• **What to work on**: Transcribe each entry shown below with no difference from the original.

___

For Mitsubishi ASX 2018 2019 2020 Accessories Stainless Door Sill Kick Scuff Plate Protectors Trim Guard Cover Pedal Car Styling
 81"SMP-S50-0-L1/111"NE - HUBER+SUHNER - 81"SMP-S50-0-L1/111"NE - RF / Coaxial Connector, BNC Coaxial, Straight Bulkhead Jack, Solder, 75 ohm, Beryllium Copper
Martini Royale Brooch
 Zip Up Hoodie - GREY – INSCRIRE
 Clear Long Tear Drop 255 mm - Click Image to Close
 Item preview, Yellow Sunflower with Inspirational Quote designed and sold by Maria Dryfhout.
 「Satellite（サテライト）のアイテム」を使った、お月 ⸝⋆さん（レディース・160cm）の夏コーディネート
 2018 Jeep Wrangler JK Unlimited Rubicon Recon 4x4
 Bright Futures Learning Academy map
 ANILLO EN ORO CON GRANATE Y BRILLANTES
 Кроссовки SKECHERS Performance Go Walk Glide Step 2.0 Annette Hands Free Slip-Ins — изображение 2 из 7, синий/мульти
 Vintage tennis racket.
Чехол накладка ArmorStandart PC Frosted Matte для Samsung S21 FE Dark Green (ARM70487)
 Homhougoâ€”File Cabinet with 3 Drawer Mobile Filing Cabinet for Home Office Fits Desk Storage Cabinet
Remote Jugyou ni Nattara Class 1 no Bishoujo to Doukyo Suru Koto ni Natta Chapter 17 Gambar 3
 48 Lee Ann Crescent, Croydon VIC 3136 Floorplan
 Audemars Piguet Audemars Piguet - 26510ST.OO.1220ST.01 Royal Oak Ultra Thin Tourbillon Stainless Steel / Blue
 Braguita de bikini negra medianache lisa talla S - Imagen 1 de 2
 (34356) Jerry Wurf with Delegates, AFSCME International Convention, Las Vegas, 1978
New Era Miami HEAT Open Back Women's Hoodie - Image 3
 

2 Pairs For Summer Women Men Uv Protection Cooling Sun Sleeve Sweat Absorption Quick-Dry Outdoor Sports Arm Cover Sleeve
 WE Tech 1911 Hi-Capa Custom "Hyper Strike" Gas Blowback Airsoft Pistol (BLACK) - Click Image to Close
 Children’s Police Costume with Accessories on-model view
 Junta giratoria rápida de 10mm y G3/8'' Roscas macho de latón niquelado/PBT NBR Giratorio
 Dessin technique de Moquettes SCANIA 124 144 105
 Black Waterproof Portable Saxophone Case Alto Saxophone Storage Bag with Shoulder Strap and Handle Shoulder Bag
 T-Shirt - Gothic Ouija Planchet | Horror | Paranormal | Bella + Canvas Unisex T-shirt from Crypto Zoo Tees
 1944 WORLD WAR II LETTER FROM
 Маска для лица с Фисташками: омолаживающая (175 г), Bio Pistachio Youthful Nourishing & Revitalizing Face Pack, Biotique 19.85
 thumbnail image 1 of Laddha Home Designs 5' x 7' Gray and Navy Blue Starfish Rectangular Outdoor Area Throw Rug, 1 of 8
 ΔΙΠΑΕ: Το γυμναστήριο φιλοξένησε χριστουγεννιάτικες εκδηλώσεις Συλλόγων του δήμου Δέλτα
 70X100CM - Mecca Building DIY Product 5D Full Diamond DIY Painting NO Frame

___

• **Solution below**:
For Mitsubishi ASX 2018 2019 2020 Accessories Stainless Door Sill Kick Scuff Plate Protectors Trim Guard Cover Pedal Car Styling
 81"SMP-S50-0-L1/111"NE - HUBER+SUHNER - 81"SMP-S50-0-L1/111"NE - RF / Coaxial Connector, BNC Coaxial, Straight Bulkhead Jack, Solder, 75 ohm, Beryllium Copper
Martini Royale Brooch
 Zip Up Hoodie - GREY – INSCRIRE
 Clear Long Tear Drop 255 mm - Click Image to Close
 Item preview, Yellow Sunflower with Inspirational Quote designed and sold by Maria Dryfhout.
 「Satellite（サテライト）のアイテム」を使った、お月 ⸝⋆さん（レディース・160cm）の夏コーディネート
 2018 Jeep Wrangler JK Unlimited Rubicon Recon 4x4
 Bright Futures Learning Academy map
 ANILLO EN ORO CON GRANATE Y BRILLANTES
 Кроссовки SKECHERS Performance Go Walk Glide Step 2.0 Annette Hands Free Slip-Ins — изображение 2 из 7, синий/мульти
 Vintage tennis racket.
Чехол накладка ArmorStandart PC Frosted Matte для Samsung S21 FE Dark Green (ARM70487)
 Homhougoâ€”File Cabinet with 3 Drawer Mobile Filing Cabinet for Home Office Fits Desk Storage Cabinet
Remote Jugyou ni Nattara Class 1 no Bishoujo to Doukyo Suru Koto ni Natta Chapter 17 Gambar 3
 48 Lee Ann Crescent, Croydon VIC 3136 Floorplan
 Audemars Piguet Audemars Piguet - 26510ST.OO.1220ST.01 Royal Oak Ultra Thin Tourbillon Stainless Steel / Blue
 Braguita de bikini negra medianache lisa talla S - Imagen 1 de 2
 (34356) Jerry Wurf with Delegates, AFSCME International Convention, Las Vegas, 1978
New Era Miami HEAT Open Back Women's Hoodie - Image 3
 

2 Pairs For Summer Women Men Uv Protection Cooling Sun Sleeve Sweat Absorption Quick-Dry Outdoor Sports Arm Cover Sleeve
 WE Tech 1911 Hi-Capa Custom "Hyper Strike" Gas Blowback Airsoft Pistol (BLACK) - Click Image to Close
 Children’s Police Costume with Accessories on-model view
 Junta giratoria rápida de 10mm y G3/8'' Roscas macho de latón niquelado/PBT NBR Giratorio
 Dessin technique de Moquettes SCANIA 124 144 105
 Black Waterproof Portable Saxophone Case Alto Saxophone Storage Bag with Shoulder Strap and Handle Shoulder Bag
 T-Shirt - Gothic Ouija Planchet | Horror | Paranormal | Bella + Canvas Unisex T-shirt from Crypto Zoo Tees
 1944 WORLD WAR II LETTER FROM
 Маска для лица с Фисташками: омолаживающая (175 г), Bio Pistachio Youthful Nourishing & Revitalizing Face Pack, Biotique 19.85
 thumbnail image 1 of Laddha Home Designs 5' x 7' Gray and Navy Blue Starfish Rectangular Outdoor Area Throw Rug, 1 of 8
 ΔΙΠΑΕ: Το γυμναστήριο φιλοξένησε χριστουγεννιάτικες εκδηλώσεις Συλλόγων του δήμου Δέλτα
 70X100CM - Mecca Building DIY Product 5D Full Diamond DIY Painting NO Frame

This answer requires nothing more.